ESTHETIC MEDICAL LASER

Teleangectasi delle gambe e del volto

I capillari (teleangectasie) sono uno degli inestetismi più diffusi e comuni al giorno d'oggi, e interessano principalmente le gambe, il volto, il naso e il tronco.

Possono comparire sia negli uomini che nelle donne e ricordiamo che, pur essendo importanti da un punto di vista estetico, è sempre meglio effettuare un doppler per scartare la possibilità di una patologia venosa.
In realtà, non si tratta di "capillari" veri e propri bensì di un reticolo di varia forma ed estensione costituito da piccole vene dilatate, vere e proprie minuscole vene varicose sottilissime.

In altre parole la comparsa delle teleangectasie è preceduta da un danneggiamento dei capillari veri e propri, da cui si deduce l’importanza di un’azione preventiva che protegga il sistema microcircolatorio, impedendo il danneggiamento e la successiva comparsa delle teleangectasie.
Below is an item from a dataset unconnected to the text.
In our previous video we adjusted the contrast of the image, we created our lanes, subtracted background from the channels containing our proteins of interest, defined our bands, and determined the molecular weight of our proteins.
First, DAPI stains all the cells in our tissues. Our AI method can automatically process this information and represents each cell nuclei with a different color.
Esiste una classificazione delle teleangectasie legata alle cause che le hanno provocate:

Teleangectasie determinate da squilibri ormonali - Si localizzano sulla superficie delle cosce, ed è frequente che appaiano nel menarca, durante la menopausa, la gravidanza o con l’utilizzo della pillola anticoncezionale.

Teleangectasie da insufficienza venosa - Sono di solito associate ad altri tipi di varici e accompagnate da sintomi di insufficienza venosa. Si trovano più facilmente nel dorso del piede,dietro al malleolo, nelle gambe ed in particolare sulle cosce.

Teleangectasie finissime causate dalla debolezza del sistema capillare - Si localizzano prevalentemente verso la fine delle gambe e sono provocate dai raggi UV, dal calore o dal freddo.

Varici reticolari - Spesso sono le vene che alimentano le zone interessate dalle teleangectasie:
Spesso sono un sintomo di insufficienza venosa, ed è buona norma trattarle prima delle teleangectasie per evitare che queste ultime ricompaiano successivamente. 

Teleangectasie matting - Possono comparire dopo la iniezione di sostanze sclerosanti o in seguito ad interventi di flebectomia. Non si verificano di frequente e la loro comparsa può dipendere da fattori predisponenti della paziente oppure da una tecnica di intervento non corretta (es. se il liquido iniettato ha una concentrazione eccessiva, o se ne viene iniettato troppo, se è eccessiva la pressione di iniezione, se non viene fatta una terapia di compressione).

 

Terapia

La terapia sclerosante non è scevra da effetti collaterali (reazioni allergiche, iperpigmentazioni, flebiti, ulcere cutanee, neoformazione di microcapillari, dolore, ecc.). L’uso del laser rappresenta una alternativa a tale metodica per la minor incidenza di reazioni avverse. D’altro canto, per le due tecniche, spesso coincidono, limiti ed indicazioni. In alcuni casi, l’uso abbinato e integrato delle stesse, rappresenta il miglior compromesso.

La terapia laser neodimio prevede diverse sedute intervallate da periodi di tempo variabili da 10 a 30 giorni. La chiusura di un singolo capillare o di una microvarice, può prevedere più applicazioni. Il laser vascolare non è indolore, seppur sicuramente sopportabile.

I piccoli vasi del volto rispondono meglio alla terapia laser rispetto a quelli degli arti inferiori e prevedono, di norma, un numero inferiore di applicazioni. La maggior profondità dei vasi degli arti inferiori, il maggior spessore della parete e la diversa pressione idrostatica, giustificano la differente efficacia nelle due sedi di applicazione.